Class Counsel are also entitled to reimbursement of reasonable out-of-pocket expenses. Fed.R.Civ.P. 23(h); see Harris v. Marhoefer, 24 F.3d 16, 19 (9th Cir. 1994) (holding that attorneys may recover reasonable expenses that would typically be billed to paying clients in non-contingency matters.); Van Vranken v. Atlantic Richfield Co., 901 F.Supp. 294, 299 (N.D. Cal. 1995) (approving reasonable costs in class action settlement). Costs compensable under Rule 23(h) include “nontaxable costs that are authorized by law or by the parties' agreement.” Fed.R.Civ.P. 23(h). Here, class counsel seeks reimbursement of $25,922.03 in litigation expenses, which includes the cost of a private mediator. They have provided records that document their claim. See ECF No. 37-2; ECF No. 37-3 ¶ 28. The court therefore finds that these submissions support an award of $25,922.03 in costs.
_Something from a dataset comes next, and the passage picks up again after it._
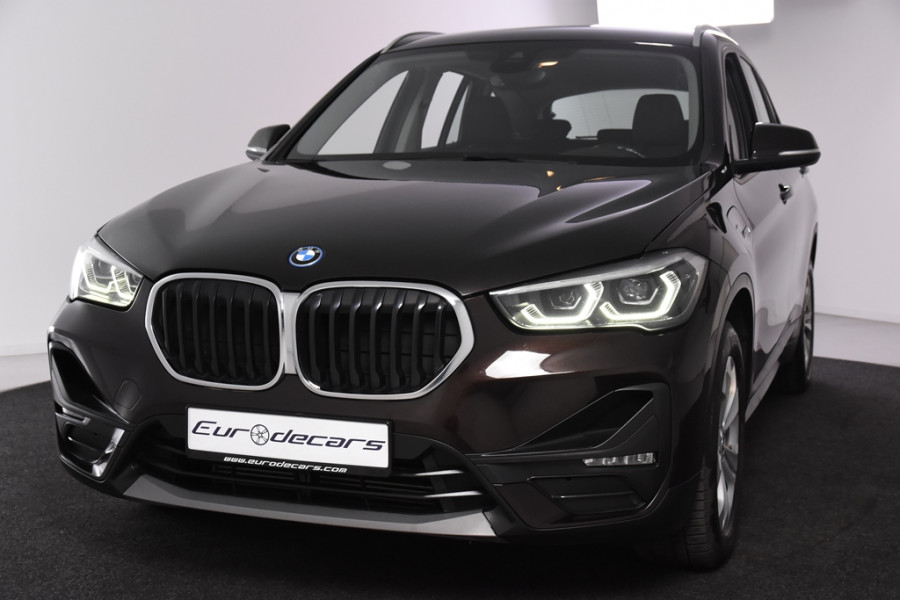 BMW X1 xDrive25e *1ste eigenaar*Navigatie*PDC*Standkachel*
The Court finds that Plaintiff's requested service award of $5,000 is reasonable in light of the time Plaintiff spent and risks she took in bringing and participating in the litigation. Further, the Court finds that a service award of $5,000 is consistent with reasonable and just service awards in the Ninth Circuit. See In re Mego Financial Corp. Sec. Litig., 213 F.3d 454, 463 (9th Cir. 2000) (upholding award to named plaintiff $5,000 in case with $1.725 million total recovery); Willner v. Manpower Inc., No. 11-CV-02846-JST, 2015 WL 3863625, at *8 (N.D. Cal. June 22, 2015) (“Many courts in the Ninth Circuit have also held that a $5,000 incentive award is “presumptively reasonable.”) (citations omitted).
VI. CONCLUSION
For the foregoing reasons, the Court GRANTS the Motion for Final Approval of Class Settlement (ECF No. 38). The Court GRANTS the Motion for Attorneys' Fees, Costs and Incentive Award (ECF No. 37) and approves: (1) $831,250 for attorney fees to Class Counsel; (2) 25, 922.03 for attorney costs to Class Counsel; and (3) $5,000 for a service award to the class representative.
The entire action and all claims asserted therein are hereby DISMISSED WITH PREJUDICE and all dates and deadlines in this action are VACATED and taken off calendar. The Clerk of the Court shall close this case.